On a fishing trip to the Minnesota Boundary Waters Canoe Area a few years back the best tip I got was to take plenty of mosquito repellent. That was a trip saver. Looking forward to any help the experts can provide. Thanks in advance.


----------



## People (Jan 17, 2005)

Here is the list of stuff I bring.

Guns
ammo
mags
ear plugs (always in my car)
netting (I drape 1/4" netting over my AR to catch the brass)
shooting rests (if needed)
shooting bench
5 gallon bucket with bench lid
cleaning kit
cleaning rod
water
food
tarp
tarp sticks
rope
sunblock
insect repellent
shovel
wire (the thin iron stuff incase you shoot a fence) I keep it in the stock of my AR all the time.
targets not usually needed but scopes do come loose or fail. I usually just shoot at something to adjust sights if they are off.
folding chair if shooting bench and bucket are not brought. 
sock for barrel

I live in ND and am only 70 min away from the towns I shoot on so it is easy to go for an evening. When I do that I only take guns, ammo, mags (I mainly use a flattop AR-15) water, and something to snack on. I always have a shovel in my car along with sunblock and insect repellent.

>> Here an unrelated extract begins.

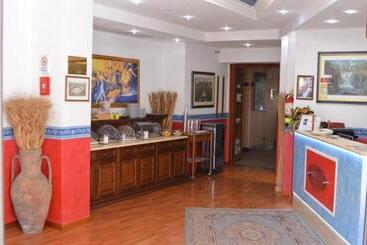 هتل Aurora Wellness & Spa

The tarp is something that always comes with me if I am going to be out all day or for a weekend. Shade may not be any cooler than without it but the sun is not shining on you.

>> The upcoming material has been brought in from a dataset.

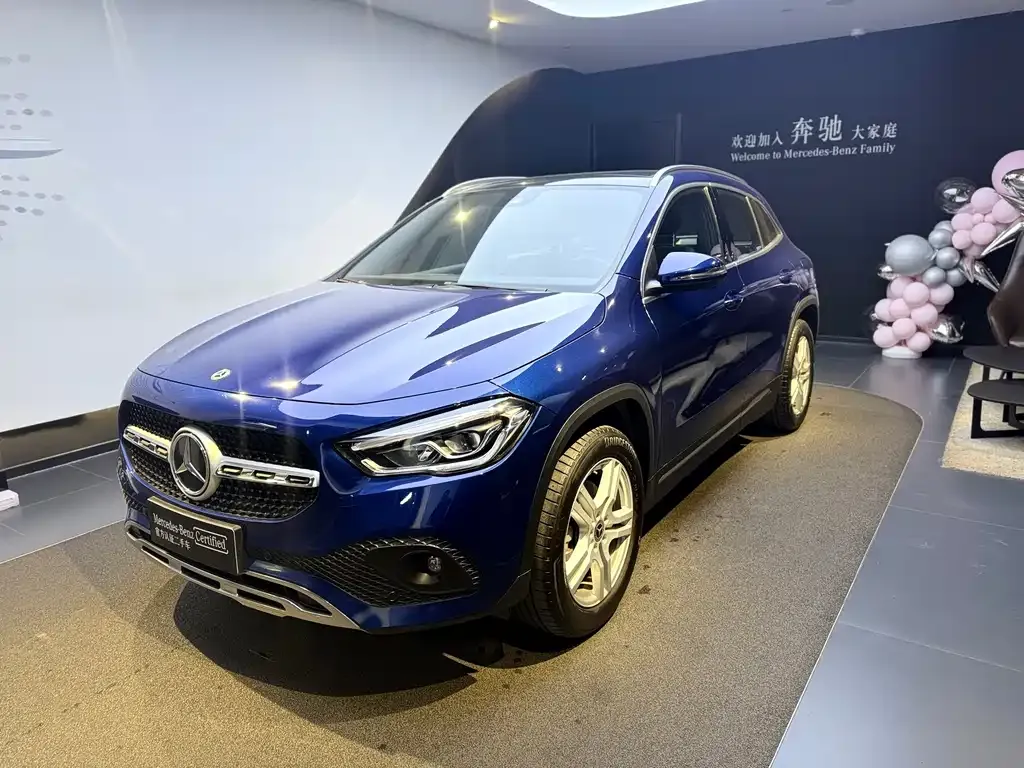 Mercedes-Benz GLA — фото 1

Snakes are not really a problem. I almost always shoot off the ground without a mat or any kind of protection. Just look where you are walking and NEVER REACH DOWN A HOLE. That is even for brass. You never know a snake maybe just out of sight. I have done it but only after putting the muzzle in the hole and letting three rounds go. Not the smartest thing but it happened.

I normally go at least once every two weeks during the summer so I am sure I am forgetting something.

I have made a sock for my bolt guns from an old towel. it loosely fits around the barrel ahead of the stock and then lays on top of it where the stock is. I wet it down and put it on. Then as it dries I just add more water to it. This acts like a water jacket and keeps the heat down

When Chuck Norris plays Oregon Trail, his family does not die from cholera or dysentery, but rather, roundhouse kicks to the face. He also requires no wagon, since he carries the oxen, axels, and buffalo meat on his back. He always makes it to Oregon before you.


----------



## Harley059 (Oct 15, 2009)

This is some very good information. I'm glad to hear that rattlesnakes aren't much of an issue. Any other venomous or nasty critters that we should be aware of? I would have never thought of the wire for fixing a fence. I didn't have a shovel on my list either. Maybe we can add to this list for other situations so pilgrims can go through it and check off items they might need for an upcoming hunt. It might save their trip. Thanks for the input.


----------



## Bigfootisreal (Jan 24, 2010)

Just a few more thoughts to add to an already great list...

Tow rope (you get rained on when out on the prairie, you may have problems getting out)
We usually take two 4WD vehicles when we go way off road.
Cash (sometimes a $20 in the palm of your hand makes a landowner's "no" turn into "yes")
Detailed maps
Print-outs from Google-Earth images. You can see p-dog towns from space and can map routes into them.
Pre-set waypoints on the GPS. As stupid as it sounds, it's not too hard to get lost out in the middle of nowhere (like 10 miles off road). I have gotten turned around and had to rely on the GPS to get back. 
First aid kit
Sunscreen

If you go out where I've been, I can't over-emphasize the need to bring water... and lots of it. My buddy almost heat stroked one year when the temps went up over 100 and we ran out of water a long way from camp.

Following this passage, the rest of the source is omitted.